Louise-Thérèse

Notre bourdonLouise-Thérèse” compte parmi les plus grosses cloches de Haute-Savoie. Installé en 1909… Il en remplace bien d’autres, qui remontent même à l’ancienne église

La chapelle Sainte-Anne.

En 1793, la grosse cloche de l’église de Flérier (ancien chef-lieu de la commune) est descendue avec les 7 autres cloches de Taninges (église, chapelles et chartreuse). Elle ne sera pas transportée à Bonneville (comme notre Doyenne, par exemple) mais à la chapelle Sainte-Anne (nouveau Bourg) pour sonner les Assemblée Civiles. Mais la petitesse du clocheton ne permet pas à la cloche de sonner en volée. De plus, elle est décrite comme “grosse et épaisse, n’ayant pas beau son”.

Elle y restera jusqu’en 1810. Date à laquelle on commande une nouvelle cloche qui servira de timbre au nouveau bourg. On transfère l’ancienne cloche à l’église de Flérier, sa destination initiale.

En 1816, la cloche est refondue devant l’église de Flérier par Antoine Paccard de Quintal avec une seconde cloche, plus petite. Elles pesaient respectivement 1’400 et 425 kilos.

En 1817, un rapport de Jean-Daniel Dreffet indique que les deux nouvelles cloches sont mal équipées. La conclusion est sans appel : Antoine Paccard doit revoir l’installation campanaire.

En 1824 la construction de la nouvelle église commence, et l’année suivante, il ne demeure que le chœur de la chapelle. La cloche est sans doute déplacée près de la chapelle Sainte-Anne, devenue pro-église.

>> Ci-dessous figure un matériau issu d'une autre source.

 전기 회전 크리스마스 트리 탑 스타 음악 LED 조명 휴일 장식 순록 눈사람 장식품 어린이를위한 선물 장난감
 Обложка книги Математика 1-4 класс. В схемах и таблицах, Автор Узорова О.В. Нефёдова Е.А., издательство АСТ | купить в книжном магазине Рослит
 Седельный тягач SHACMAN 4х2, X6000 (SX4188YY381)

En 1832, les cloches sont installées au clocher de l’église Saint-Jean-Baptiste, consacrée le 15 février 1834.

En 1847, la grosse cloche semble être fendue ou de piètre qualité. Elle est refondue par Claude et Jean-Pierre Paccard à Quintal (près d’Annecy) en une cloche plus grosse, d’un poids de 2’500 kilos.

En 1867, le beffroi qui soutient les cloches tombe en ruine et menace pour la sécurité lors des volées. Ordre est donné d’un construire un nouveau avec 4 mètres cubes de bois de la forêt de l’Intriaz, aux Gets.

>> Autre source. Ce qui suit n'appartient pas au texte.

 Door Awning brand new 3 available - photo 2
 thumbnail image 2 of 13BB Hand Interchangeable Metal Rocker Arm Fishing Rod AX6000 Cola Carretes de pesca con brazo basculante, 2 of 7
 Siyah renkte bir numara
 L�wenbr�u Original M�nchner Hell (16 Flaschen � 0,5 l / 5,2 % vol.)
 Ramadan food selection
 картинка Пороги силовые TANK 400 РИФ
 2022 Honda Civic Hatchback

En 1899, les frères Paccard indiquent après expertise que la grosse cloche nécessite des réparations.

En 1908, notre airain est à nouveau fendu, car dit-on “la cloche est incapable de sonner et les heures, et la volée”. Elle est à nouveau refondue par Georges & Francisque Paccard d’Annecy-le-Vieux, génération suivante des précédents.

En 1909, un nouveau bourdon est béni. Celui-ci pèse 2’750 kilos pour 160cm d’envergure et donne un “Si grave“. Il porte le nom de “Louise-Thérèse“. Il sera électrifié avec les autres cloches en 1935 par l’Abbé Bastard-Bogain. Soit quatre ans avant l’avènement des 15 premières cloches du carillon.

En 1935, les trois cloches sont électrifiées. Les sonneurs sont ainsi remerciés et la commande des cloches se fait depuis un automate, en sacristie.

Les inscriptions de la cloche sont :

Paroisse de Taninges
Je m’appelle Louise-Thérèse
J’ai pour parrain Mr Louis Burnier et pour marraine Mme Thérèse Rapin son épouse
Revd Emile Carton étant curé-archiprêtre
Laudate Dominum in cymbalis benesonantibus
Laudate eum in cymbalis jubilationis (PS.CL)*

Fondue en 1847 cassée en 1908 j’ai été refondue en 1909 par souscription volontaire de tous les paroissiens
Principaux donateurs
Rev. Emile Carton curé-archiprêtre Ph. Maistre prêtre
Burnier François oncle Burnier Louis Magnin Annette Mugnier Judith
Vidonne Clotilde Pel Joseph Gerdil Pierre Joseph
Grange Louise François Rouge organisateurs de la souscription

Georges & Francisque Paccard fondeurs à Annecy-le-Vieux 1909

*Louez le Seigneur par des cymbales sonores
Louez le par des cymbales triomphantes (Psaume 150)

Décorations de la cloche :
Calvaire, Vierge à l’Enfant, Saint François de Sales, Saint Louis.
Médaillons des apôtres et évangélistes.